I don't know whether I should try to define religion. It's so obvious that any attempt at defining
it would somehow limit it. So I prefer to talk about religion. Note that I am not saying "religions." There are so many...

Many people say religion has proven useless and that there would be no place for it in the coming New Age. Others think its role has been nefarious all along history. They forget its influence everywhere on this planet in the cohesion of societies. I doubt any of them had formed were it not for it. There would only be barbarians. At any rate, I cannot imagine what the world would be if religion had not be there keeping alive the torch of science first, and then educating the people in the spiritual matters.

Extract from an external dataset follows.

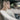 a woman inside the car driving on the road while resting her back against the Sheepskin Car Seat Covers from Kiwi Sheepskins, perfect for long drives and aesthetic car interior designs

Granted, religions (not religion) have many times behaved very poorly, particularly in those periods of decadence that all societies must undergo in the course of time - or rather in the course of their particular ages, for there have been as many cycles of ages as societies have existed in the course of history.

But religion is a divine force behind all religious phenomena; it nurtures all true religiosity. It is independent of men. Whatever they may do in the matter of religions, whatever their religious concoctions are, and whatever processes of decay religions may undergo, religion remains uncontaminated - simply because it is the pristine creation of God.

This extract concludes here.